In Public Schools

from the "outside" looking "in"

Closing the Gap

Posted by Admin On November - 22 - 2009

Between The Races In Public School Education


closingsliderAmerica is a land of great cultural diversity. Nowhere else in the world can you reasonably expect to find people of so many different races, colors and creeds living in relative harmony with one another. The founding principles of our country focused on all men being created equal, and to a large extent this is lived out, at least on the surface. One of the inalienable rights that are afforded to US citizens, regardless of whether they are African American, Latino, Asian or Caucasian is access to education. All American children are entitled to a free public school education. The truth is though, there may be a wider gap then is depicted that we still need to close between the educations that you get at public schools, depending upon where they are located. And, some gaps are larger in some schools then in others.

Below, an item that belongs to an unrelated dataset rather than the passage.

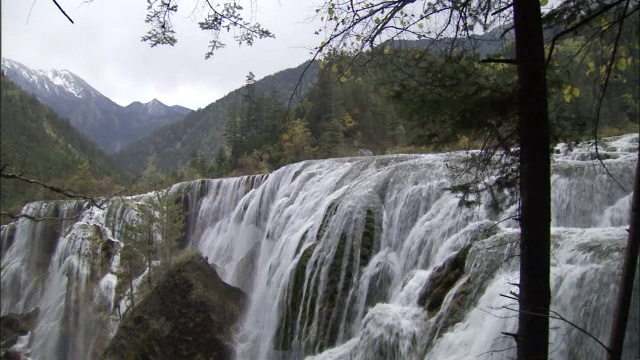 中国九寨沟的瀑布视频素材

As late as the 1960’s there were segregated schools in the United States. African American children attended one school, while Caucasian children attended another. These schools were within the neighborhoods that the different children lived in, providing them access to the closest school available. Unfortunately, there was a great disparity between the schools in terms of what level of education and resources were available. There was a huge gap between the quality of education that could be had at a school in a wealthy white neighborhood and a school in a poorer Latino or black neighborhood. Desegregation attempted to close this distance, but there is still work to be done.

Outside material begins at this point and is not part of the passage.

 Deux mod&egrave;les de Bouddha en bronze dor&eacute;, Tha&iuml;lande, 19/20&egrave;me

Sad as it may seem, there is a still a gap between schools that are in heavily African American or Latino neighborhoods and those in predominantly Caucasian neighborhoods. Schools that are in more affluent neighborhoods often have better resources. Their student’s score better on standardized tests and therefore the schools themselves receive a better grade. Schools that receive a better grade get better funding, which allows them to improve their resources. Improving their resources improves test scores, and so on and so forth. For a poorer school in a poor neighborhood, there is virtually no way to close this distance.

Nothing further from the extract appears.